> [What to produce] The whole of the data is to be reproduced exactly.

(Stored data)
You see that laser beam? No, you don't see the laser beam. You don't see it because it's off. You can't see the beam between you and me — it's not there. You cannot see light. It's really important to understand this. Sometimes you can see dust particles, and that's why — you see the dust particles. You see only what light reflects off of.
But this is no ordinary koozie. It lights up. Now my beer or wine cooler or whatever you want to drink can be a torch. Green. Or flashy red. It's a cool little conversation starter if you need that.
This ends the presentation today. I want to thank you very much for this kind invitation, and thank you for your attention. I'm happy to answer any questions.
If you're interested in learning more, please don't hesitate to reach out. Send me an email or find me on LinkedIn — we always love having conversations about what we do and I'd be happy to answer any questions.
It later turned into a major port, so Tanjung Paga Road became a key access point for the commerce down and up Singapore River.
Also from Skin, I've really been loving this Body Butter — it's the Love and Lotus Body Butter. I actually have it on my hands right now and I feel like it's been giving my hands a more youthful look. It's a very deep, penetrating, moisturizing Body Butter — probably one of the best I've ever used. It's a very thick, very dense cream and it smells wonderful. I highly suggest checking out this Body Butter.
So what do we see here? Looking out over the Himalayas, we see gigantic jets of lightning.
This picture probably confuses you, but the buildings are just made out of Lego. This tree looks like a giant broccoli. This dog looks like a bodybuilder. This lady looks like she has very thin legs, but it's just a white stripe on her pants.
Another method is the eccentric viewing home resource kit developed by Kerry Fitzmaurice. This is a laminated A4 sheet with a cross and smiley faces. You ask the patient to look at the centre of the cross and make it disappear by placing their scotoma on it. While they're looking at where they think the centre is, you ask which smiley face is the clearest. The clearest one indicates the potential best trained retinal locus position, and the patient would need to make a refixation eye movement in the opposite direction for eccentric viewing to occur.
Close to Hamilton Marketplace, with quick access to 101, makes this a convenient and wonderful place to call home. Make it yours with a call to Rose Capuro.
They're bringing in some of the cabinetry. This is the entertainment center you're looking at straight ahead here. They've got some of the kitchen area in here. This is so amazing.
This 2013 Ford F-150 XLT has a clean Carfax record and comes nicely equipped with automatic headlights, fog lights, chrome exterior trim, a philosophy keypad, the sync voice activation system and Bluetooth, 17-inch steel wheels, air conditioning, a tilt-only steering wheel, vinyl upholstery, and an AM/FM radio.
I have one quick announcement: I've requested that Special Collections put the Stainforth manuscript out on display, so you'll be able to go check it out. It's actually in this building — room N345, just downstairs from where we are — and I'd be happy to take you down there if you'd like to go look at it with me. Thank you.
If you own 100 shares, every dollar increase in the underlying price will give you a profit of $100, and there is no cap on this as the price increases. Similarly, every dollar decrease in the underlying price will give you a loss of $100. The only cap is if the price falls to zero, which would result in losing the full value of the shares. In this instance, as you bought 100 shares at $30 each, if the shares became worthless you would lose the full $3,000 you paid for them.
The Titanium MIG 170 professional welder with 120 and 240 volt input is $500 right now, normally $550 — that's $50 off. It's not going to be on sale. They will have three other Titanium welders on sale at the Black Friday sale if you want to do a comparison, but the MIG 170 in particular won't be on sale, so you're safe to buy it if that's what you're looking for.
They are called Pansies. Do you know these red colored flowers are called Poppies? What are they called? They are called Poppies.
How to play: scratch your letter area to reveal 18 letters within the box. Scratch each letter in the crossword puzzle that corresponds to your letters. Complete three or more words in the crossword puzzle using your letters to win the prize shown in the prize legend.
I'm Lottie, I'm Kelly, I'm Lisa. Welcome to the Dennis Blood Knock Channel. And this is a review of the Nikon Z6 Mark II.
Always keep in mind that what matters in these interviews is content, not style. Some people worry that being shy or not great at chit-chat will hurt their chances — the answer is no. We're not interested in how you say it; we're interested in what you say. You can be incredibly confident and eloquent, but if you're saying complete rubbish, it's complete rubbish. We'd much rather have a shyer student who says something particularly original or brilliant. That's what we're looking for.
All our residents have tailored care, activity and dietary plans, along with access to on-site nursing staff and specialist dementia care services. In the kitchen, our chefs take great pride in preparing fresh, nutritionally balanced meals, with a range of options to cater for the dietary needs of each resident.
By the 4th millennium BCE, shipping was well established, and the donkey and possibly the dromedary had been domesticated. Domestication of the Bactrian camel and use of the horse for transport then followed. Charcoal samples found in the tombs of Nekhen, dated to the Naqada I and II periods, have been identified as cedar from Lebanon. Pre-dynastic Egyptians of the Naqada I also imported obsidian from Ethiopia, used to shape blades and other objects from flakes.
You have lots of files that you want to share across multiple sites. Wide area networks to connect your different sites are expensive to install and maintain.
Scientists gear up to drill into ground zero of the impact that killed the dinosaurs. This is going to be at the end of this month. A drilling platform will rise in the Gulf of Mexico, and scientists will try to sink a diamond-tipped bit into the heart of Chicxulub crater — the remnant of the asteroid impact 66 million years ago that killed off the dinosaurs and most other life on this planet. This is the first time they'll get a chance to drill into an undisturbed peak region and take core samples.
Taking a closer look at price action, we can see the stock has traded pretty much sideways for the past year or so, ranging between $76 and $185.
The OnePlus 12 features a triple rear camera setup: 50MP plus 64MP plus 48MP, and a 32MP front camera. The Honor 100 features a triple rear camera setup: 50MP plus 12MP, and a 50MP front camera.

> [Result below]
You see that laser beam? No, you don't see the laser beam. You don't see it because it's off. You can't see the beam between you and me — it's not there. You cannot see light. It's really important to understand this. Sometimes you can see dust particles, and that's why — you see the dust particles. You see only what light reflects off of.
But this is no ordinary koozie. It lights up. Now my beer or wine cooler or whatever you want to drink can be a torch. Green. Or flashy red. It's a cool little conversation starter if you need that.
This ends the presentation today. I want to thank you very much for this kind invitation, and thank you for your attention. I'm happy to answer any questions.
If you're interested in learning more, please don't hesitate to reach out. Send me an email or find me on LinkedIn — we always love having conversations about what we do and I'd be happy to answer any questions.
It later turned into a major port, so Tanjung Paga Road became a key access point for the commerce down and up Singapore River.
Also from Skin, I've really been loving this Body Butter — it's the Love and Lotus Body Butter. I actually have it on my hands right now and I feel like it's been giving my hands a more youthful look. It's a very deep, penetrating, moisturizing Body Butter — probably one of the best I've ever used. It's a very thick, very dense cream and it smells wonderful. I highly suggest checking out this Body Butter.
So what do we see here? Looking out over the Himalayas, we see gigantic jets of lightning.
This picture probably confuses you, but the buildings are just made out of Lego. This tree looks like a giant broccoli. This dog looks like a bodybuilder. This lady looks like she has very thin legs, but it's just a white stripe on her pants.
Another method is the eccentric viewing home resource kit developed by Kerry Fitzmaurice. This is a laminated A4 sheet with a cross and smiley faces. You ask the patient to look at the centre of the cross and make it disappear by placing their scotoma on it. While they're looking at where they think the centre is, you ask which smiley face is the clearest. The clearest one indicates the potential best trained retinal locus position, and the patient would need to make a refixation eye movement in the opposite direction for eccentric viewing to occur.
Close to Hamilton Marketplace, with quick access to 101, makes this a convenient and wonderful place to call home. Make it yours with a call to Rose Capuro.
They're bringing in some of the cabinetry. This is the entertainment center you're looking at straight ahead here. They've got some of the kitchen area in here. This is so amazing.
This 2013 Ford F-150 XLT has a clean Carfax record and comes nicely equipped with automatic headlights, fog lights, chrome exterior trim, a philosophy keypad, the sync voice activation system and Bluetooth, 17-inch steel wheels, air conditioning, a tilt-only steering wheel, vinyl upholstery, and an AM/FM radio.
I have one quick announcement: I've requested that Special Collections put the Stainforth manuscript out on display, so you'll be able to go check it out. It's actually in this building — room N345, just downstairs from where we are — and I'd be happy to take you down there if you'd like to go look at it with me. Thank you.
If you own 100 shares, every dollar increase in the underlying price will give you a profit of $100, and there is no cap on this as the price increases. Similarly, every dollar decrease in the underlying price will give you a loss of $100. The only cap is if the price falls to zero, which would result in losing the full value of the shares. In this instance, as you bought 100 shares at $30 each, if the shares became worthless you would lose the full $3,000 you paid for them.
The Titanium MIG 170 professional welder with 120 and 240 volt input is $500 right now, normally $550 — that's $50 off. It's not going to be on sale. They will have three other Titanium welders on sale at the Black Friday sale if you want to do a comparison, but the MIG 170 in particular won't be on sale, so you're safe to buy it if that's what you're looking for.
They are called Pansies. Do you know these red colored flowers are called Poppies? What are they called? They are called Poppies.
How to play: scratch your letter area to reveal 18 letters within the box. Scratch each letter in the crossword puzzle that corresponds to your letters. Complete three or more words in the crossword puzzle using your letters to win the prize shown in the prize legend.
I'm Lottie, I'm Kelly, I'm Lisa. Welcome to the Dennis Blood Knock Channel. And this is a review of the Nikon Z6 Mark II.
Always keep in mind that what matters in these interviews is content, not style. Some people worry that being shy or not great at chit-chat will hurt their chances — the answer is no. We're not interested in how you say it; we're interested in what you say. You can be incredibly confident and eloquent, but if you're saying complete rubbish, it's complete rubbish. We'd much rather have a shyer student who says something particularly original or brilliant. That's what we're looking for.
All our residents have tailored care, activity and dietary plans, along with access to on-site nursing staff and specialist dementia care services. In the kitchen, our chefs take great pride in preparing fresh, nutritionally balanced meals, with a range of options to cater for the dietary needs of each resident.
By the 4th millennium BCE, shipping was well established, and the donkey and possibly the dromedary had been domesticated. Domestication of the Bactrian camel and use of the horse for transport then followed. Charcoal samples found in the tombs of Nekhen, dated to the Naqada I and II periods, have been identified as cedar from Lebanon. Pre-dynastic Egyptians of the Naqada I also imported obsidian from Ethiopia, used to shape blades and other objects from flakes.
You have lots of files that you want to share across multiple sites. Wide area networks to connect your different sites are expensive to install and maintain.
Scientists gear up to drill into ground zero of the impact that killed the dinosaurs. This is going to be at the end of this month. A drilling platform will rise in the Gulf of Mexico, and scientists will try to sink a diamond-tipped bit into the heart of Chicxulub crater — the remnant of the asteroid impact 66 million years ago that killed off the dinosaurs and most other life on this planet. This is the first time they'll get a chance to drill into an undisturbed peak region and take core samples.
Taking a closer look at price action, we can see the stock has traded pretty much sideways for the past year or so, ranging between $76 and $185.
The OnePlus 12 features a triple rear camera setup: 50MP plus 64MP plus 48MP, and a 32MP front camera. The Honor 100 features a triple rear camera setup: 50MP plus 12MP, and a 50MP front camera.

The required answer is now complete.